This can be a confusing area of copyright. Further guidance is provided in this January 2020 article by Bonnie Klein: Copyright Alert! Even U.S. Government Information May Be Protected by Copyright.
Works of Joint Authorship
If a government employee and an independent consultant (i.e., not a government employee) jointly create a work such as an e-book or research paper, there's an issue as to whether the government may co-own the copyright in that work with the independent contractor. In such a situation, the government may choose to obtain permission from the independent contractor to use and distribute the work. The government may go even further and obtain an assignment of copyright in the work from the independent consultant.

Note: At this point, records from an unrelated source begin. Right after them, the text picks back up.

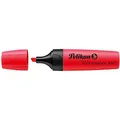 Produktbild: PELIKAN Textmarker 490 Textmarker 6 Stück 1-5 mm Keilspitze neonrot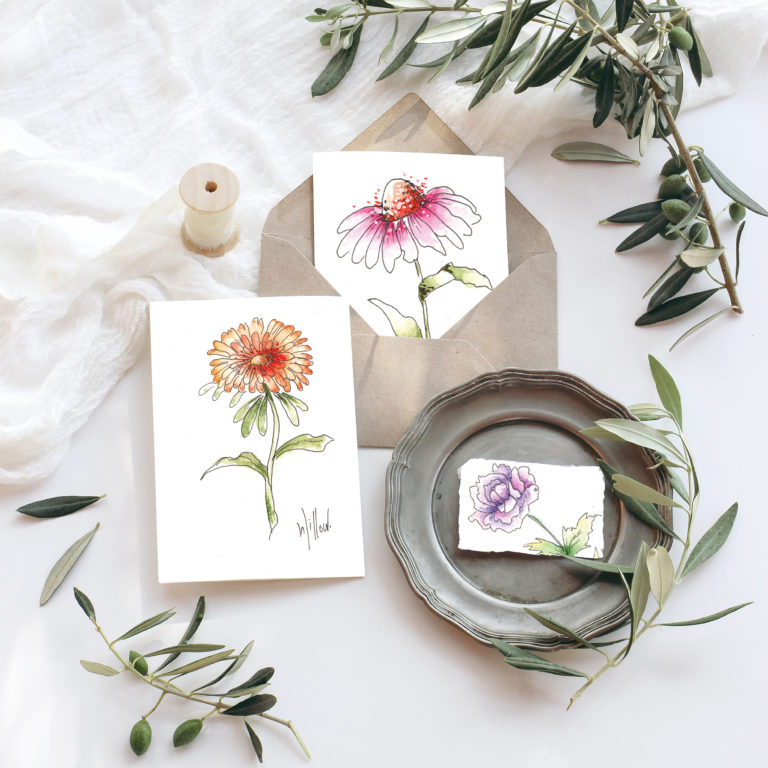Summer Wedding Cards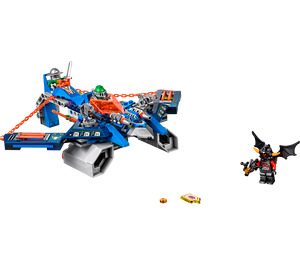 LEGO Aaron Fox's Aero-Striker V2 Set 70320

Government Employees Creating Works Outside Their Work Duties
Federal government employees have and retain copyright protection in their works in certain situations. For example, an employee who writes a novel in the evenings at home would own the copyright in it. An employee who develops a course based on knowledge attained at work would also likely be its copyright owner, unless its development were part of the employee's federal government work duties.
A job description setting out the duties of an employee may help determine the ownership of works related to their day job. Also, government employees pursuing interests beyond their employment might consider entering into a simple agreement with their employing government department. It could state something to the effect that:
- They're creating a work outside their job, and
- They're the owner of copyright in that work.
Putting this in writing prior to creation of the work provides clarity and helps both sides in any work situation. A written agreement is even more important now than ever with many employees working at home and blurring the lines between work and nonwork time and tasks performed during work and nonwork hours.